Creed II: Rocky Klişeler Diyarında

Rocky filmleri, popüler sinemada 70’lerin ikinci yarısını milat olarak kabul edecek olursak, ‘sinema ve propaganda’ ilişkisine dair ayrı bir parantez açmayı gerekli kılar. Kapitalist sistemde en alttakinin dahi bir gün gemisini kurtarabileceğinin somut işaretleriyle dolu ilk film, ideolojisini gayet ‘temiz’ biçimde yansıtır izleyicisine. Söz konusu beyaz kahraman, bir yandan işçi sınıfının içinde bulunduğu çıkışsız alanı başarıyla temsil ederken, diğer taraftan da sözü edilen hayalin bayrak taşıyıcısına dönüşür. Aynı ilk filmde, karşısına çıkan fırsatları başarıyla değerlendiren Apollo’nun siyahî bir figür olarak resmedilmesi ise iki anlamlıdır: Birincisi, dünya ağır sıklet boks şampiyonlarının o dönemlerde uzunca bir süre o cenahtan çıkmasıyla, ikincisi de 70’lerin ideolojik ortamıyla yakından ilişkilidir. Filmde egoları ‘tavan yapan’ bir boksör olarak karşımıza çıkan Creed, beyaz çoğunluğun gözünde ‘şımarık azınlık’ imgesine birebir oturmaktadır. Derisinin rengine bakmadan, sistemin kaymağını yiyeceğini zanneden bu adama haddini bildirmek, son derece sıradan bir adam olan, mütevazı, geldiği yeri unutmayan ve zamanla kutsal Amerikan değerlerinin capcanlı figürüne dönüşecek beyaz boksöre düşecektir. Bu motivasyon, dönemin ABD kentlerinde yükselen suç oranlarını azınlıklara bağlama eğiliminde olan 70’ler polisiyesiyle ve vigilante filmleriyle de örtüşmektedir.

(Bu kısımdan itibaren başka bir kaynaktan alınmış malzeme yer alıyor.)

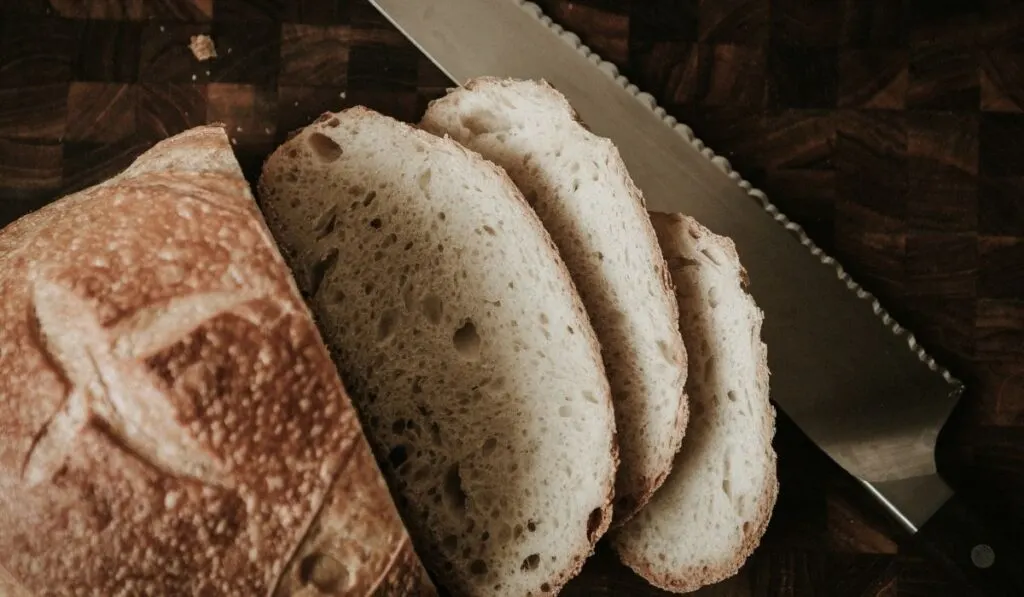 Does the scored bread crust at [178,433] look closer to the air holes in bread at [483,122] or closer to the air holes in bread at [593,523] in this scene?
the air holes in bread at [593,523]

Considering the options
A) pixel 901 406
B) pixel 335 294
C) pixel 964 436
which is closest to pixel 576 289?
pixel 335 294

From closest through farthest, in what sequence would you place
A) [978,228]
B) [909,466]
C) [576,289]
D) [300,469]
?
[300,469], [576,289], [909,466], [978,228]

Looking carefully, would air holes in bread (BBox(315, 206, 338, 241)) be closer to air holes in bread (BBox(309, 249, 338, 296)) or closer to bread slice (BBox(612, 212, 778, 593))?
air holes in bread (BBox(309, 249, 338, 296))

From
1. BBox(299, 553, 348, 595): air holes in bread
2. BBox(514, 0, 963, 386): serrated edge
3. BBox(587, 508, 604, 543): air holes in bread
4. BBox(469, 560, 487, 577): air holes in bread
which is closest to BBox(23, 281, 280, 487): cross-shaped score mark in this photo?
BBox(299, 553, 348, 595): air holes in bread

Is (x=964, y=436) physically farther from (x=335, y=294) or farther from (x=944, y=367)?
(x=335, y=294)

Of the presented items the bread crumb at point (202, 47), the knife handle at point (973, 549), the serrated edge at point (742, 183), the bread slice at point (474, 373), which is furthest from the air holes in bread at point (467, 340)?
the knife handle at point (973, 549)

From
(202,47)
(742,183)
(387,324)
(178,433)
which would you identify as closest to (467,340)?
(387,324)

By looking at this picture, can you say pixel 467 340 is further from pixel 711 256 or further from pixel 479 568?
pixel 711 256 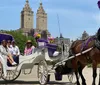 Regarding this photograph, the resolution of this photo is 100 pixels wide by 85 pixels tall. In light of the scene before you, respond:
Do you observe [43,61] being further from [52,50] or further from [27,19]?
[27,19]

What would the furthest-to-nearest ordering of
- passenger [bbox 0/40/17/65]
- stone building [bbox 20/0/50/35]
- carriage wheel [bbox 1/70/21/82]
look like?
1. stone building [bbox 20/0/50/35]
2. carriage wheel [bbox 1/70/21/82]
3. passenger [bbox 0/40/17/65]

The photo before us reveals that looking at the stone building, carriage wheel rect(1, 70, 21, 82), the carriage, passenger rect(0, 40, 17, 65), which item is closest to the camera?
the carriage

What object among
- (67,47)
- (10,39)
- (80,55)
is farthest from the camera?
(10,39)

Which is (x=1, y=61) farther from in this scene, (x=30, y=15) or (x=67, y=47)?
(x=30, y=15)

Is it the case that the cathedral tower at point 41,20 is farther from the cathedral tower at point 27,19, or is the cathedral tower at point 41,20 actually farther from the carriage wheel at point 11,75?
the carriage wheel at point 11,75

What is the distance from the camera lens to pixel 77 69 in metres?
10.9

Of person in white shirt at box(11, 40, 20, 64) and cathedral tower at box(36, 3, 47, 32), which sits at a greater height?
cathedral tower at box(36, 3, 47, 32)

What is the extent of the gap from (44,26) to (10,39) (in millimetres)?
174102

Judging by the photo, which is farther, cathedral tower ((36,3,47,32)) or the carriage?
cathedral tower ((36,3,47,32))

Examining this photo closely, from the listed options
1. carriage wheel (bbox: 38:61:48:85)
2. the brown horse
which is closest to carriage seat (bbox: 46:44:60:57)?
carriage wheel (bbox: 38:61:48:85)

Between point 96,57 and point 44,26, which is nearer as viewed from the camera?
point 96,57

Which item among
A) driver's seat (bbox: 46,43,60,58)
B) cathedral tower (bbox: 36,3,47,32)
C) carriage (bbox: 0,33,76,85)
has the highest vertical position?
cathedral tower (bbox: 36,3,47,32)

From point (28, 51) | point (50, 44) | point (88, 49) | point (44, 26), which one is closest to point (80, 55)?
point (88, 49)

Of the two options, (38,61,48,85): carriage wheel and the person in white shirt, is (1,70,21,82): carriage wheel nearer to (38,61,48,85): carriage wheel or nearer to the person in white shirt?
the person in white shirt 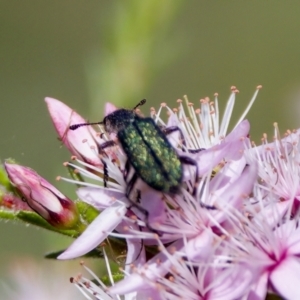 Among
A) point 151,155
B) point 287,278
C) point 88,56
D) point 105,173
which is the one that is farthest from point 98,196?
point 88,56

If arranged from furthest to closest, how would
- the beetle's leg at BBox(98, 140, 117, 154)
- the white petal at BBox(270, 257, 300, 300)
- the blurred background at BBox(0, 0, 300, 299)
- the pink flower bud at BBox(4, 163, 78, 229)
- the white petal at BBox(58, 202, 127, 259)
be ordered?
the blurred background at BBox(0, 0, 300, 299)
the beetle's leg at BBox(98, 140, 117, 154)
the pink flower bud at BBox(4, 163, 78, 229)
the white petal at BBox(58, 202, 127, 259)
the white petal at BBox(270, 257, 300, 300)

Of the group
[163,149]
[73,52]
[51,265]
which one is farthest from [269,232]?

‘Bir taşla birkaç kuş avlamanın’ sinemasal zeminde en parlak örneklerinden olan Rocky filmleri, en azından ilk filmdeki başarısını, savını ‘yüksek sesle söylememesinden’ alır. Bu tavır, onu sessiz çoğunluğun temsilcisi mertebesine ulaştırır. Benzer şeyler, ilk Rambo filmi olan İlk Kan için de söylenebilir. Tarihi bir yenilgiyi, kahramanın mağduriyetiyle tersyüz eden bu söylem, yetenekleri son derece sınırlı bir aktör olan Sylvester Stallone’yi 80’lerin en etkili oyuncularından birine dönüştürecektir. Böyle bir başarı, klasik dönemlerde James Stewart, yakın zamanlarda ise Tom Hanks ile karşılaştırılabilir belki.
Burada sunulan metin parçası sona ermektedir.